Scholl-Latour: Den Flächenbrand gibt es bereits. Ich weiß nicht, wer die Granaten abgeschossen hat. Es kann auch sein, dass die Aufständischen das Feuer im Grenzgebiet eröffnet haben. Denn die türkische Reaktion wäre natürlich im Interesse dieser Freiheitskämpfer. Dort sammeln sich die ganzen salafistischen Kräfte aus der islamischen Welt.

Könnte die Nato, könnten also auch deutsche Soldaten, in den Konflikt gezogen werden?

Scholl-Latour: Nach dem, was man in Libyen erlebt hat, wird man das wahrscheinlich nicht nochmal praktizieren. Ich bin froh, dass Muammar al-Gaddafi nicht mehr an der Macht ist, aber Libyen versinkt im Chaos. Nach dem Tod des amerikanischen Botschafters kam die Meldung, dass die Bevölkerung in Bengasi auf die Straße gegangen ist, um gegen die Mörder zu protestieren. Das ist nicht wahr. Da wurden Feindschaften zwischen den verschiedenen Gruppen ausgetragen.

Wie schätzen Sie vor allem die Rolle Saudi-Arabiens sowie anderer Nachbarländer Syriens ein?

Scholl-Latour: Es ist bezeichnend, dass der Vertreter der Hamas aus Syrien weggegangen ist und in Katar seine Zelte aufgeschlagen hat. Die kämpferischen Palästinenser sehen, dass Syrien ihnen nicht mehr helfen kann und setzen jetzt auf die sunnitischen Emirate, vor allem auf Saudi-Arabien. Saudi-Arabien und Katar liefern Waffen und das Geld an die syrischen Aufständischen.

Wo liegen aus Ihrer Sicht derzeit die größten Risiken in der islamischen Welt? Könnten sich Konflikte wie der zwischen Schiiten und Sunniten auf ganze Regionen oder Kontinente ausweiten?

Scholl-Latour: Das ist bereits geschehen. Im Libanon ist die Hisbollah die stärkste militärische Kraft. Im Irak ist der Krieg zwischen Hisbollah und Sunniten und Schiiten in vollem Gange.

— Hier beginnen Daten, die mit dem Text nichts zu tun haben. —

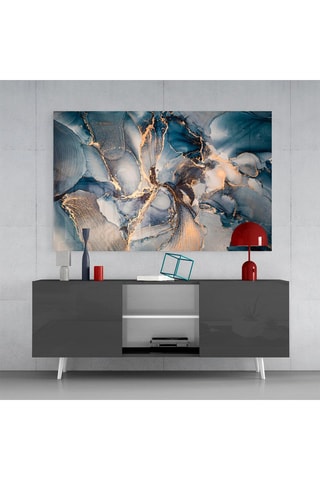 Tableau en verre trempé Marble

Ein Blick nach Afghanistan: Wie schätzen Sie die Lage dort nach dem angekündigten Abzug der amerikanischen Truppen ein?

Scholl-Latour: Der amerikanische Verteidigungsminister hat eine Erklärung abgegeben, dass sich alles zum Besseren wende. Das ist gelogen. Die Situation hat sich verschlechtert. Die Nationalarmee, die vom Westen aufgestellt wurde, ist in keiner Weise zuverlässig und verursacht Verluste in den Reihen der Nato. Wie dort 2014 Sicherheit herrschen soll, ist mir unklar.

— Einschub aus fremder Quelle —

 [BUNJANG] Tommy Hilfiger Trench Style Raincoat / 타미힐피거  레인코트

Welche Fehler hat der Westen dort gemacht?

Scholl-Latour: Alle, die man nur machen konnte. Dieser Feldzug nach dem 11. September 2001 war psychologisch verständlich. Aber dann hätte man sehen müssen, dass man die Taliban zunächst mal zerschlägt. Ab 2003 war sicher, dass die Sache schief gelaufen war und dass Hamid Karsai sich nicht halten können würde.

Wird der Konflikt zwischen Israel und Palästina auch künftig den Gewittersturm der Weltpolitik anfachen?

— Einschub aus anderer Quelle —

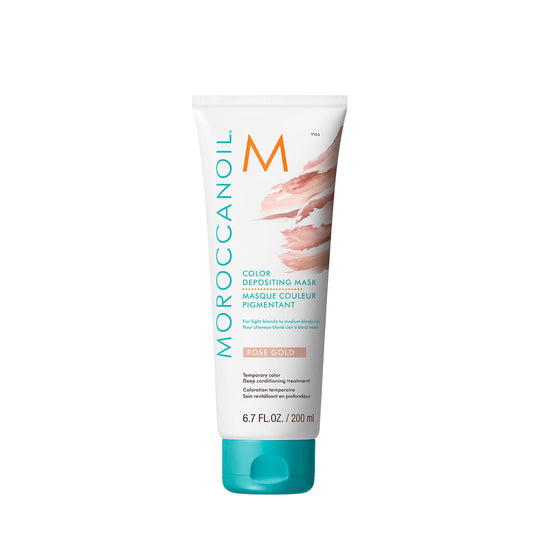 Moroccanoil Color Depositing Mask Rose Gold - Bombshell Hair Studio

Scholl-Latour: Die Israelis haben 2006 im Krieg mit der Hisbollah im Libanon einen Rückschlag erlebt, damit hatte dort niemand gerechnet. Derzeit ist es an der libanesischen Grenze ja ruhig. Aber wenn die Moslem-Brüder in Syrien die Macht ergreifen, dann wird die Grenze am Golan auch nicht mehr sicher sein.

Wird sich das Verhältnis zwischen Israelis und Palästinensern durch die arabische Revolution ändern?

Scholl-Latour: Das Verhältnis wird sich zusehends verschlechtern. Von israelischer Seite ist ja bereits gesagt worden, dass mit einem palästinensischen Staat nicht zu rechnen sei. Und wenn man auf die Landkarte schaut, ist das auch geografisch gar nicht möglich.

Welche Interessen sollte die deutsche Außenpolitik im Hinblick auf die arabische Revolution verfolgen?

Scholl-Latour: Die deutsche Politik soll sich aus den Sachen raushalten. Wir können nur unsere Karten verderben. Die Deutschen sind in der islamischen Welt beliebt. Da hat keiner was gegen uns. Ich weiß nicht, warum wir Sanktionen gegen den Iran verhängen, wir haben doch keine Konflikte. Wir sollten aufhören uns zu äußern, als würde Wilhelm II. noch leben.

Der deutsch-französische Autor und Fernsehjournalist Dr. Peter Scholl-Latour (88) gilt als einer der versiertesten Kenner der arabischen Welt. Er wurde 1924 in Bochum geboren. Nach dem Abitur am Kasseler Wilhelmsgymnasium studierte Scholl-Latour Philologie und Politologie in Mainz, Paris und Beirut. Er ist verheiratet, Vater eines Sohnes aus erster Ehe und hat Wohnsitze in Berlin, Paris und Nizza. Gestern ist sein neues Buch „Die Welt aus den Fugen: Betrachtungen zu den Wirren der Gegenwart“ erschienen (Propyläen Verlag, 24,99 Euro).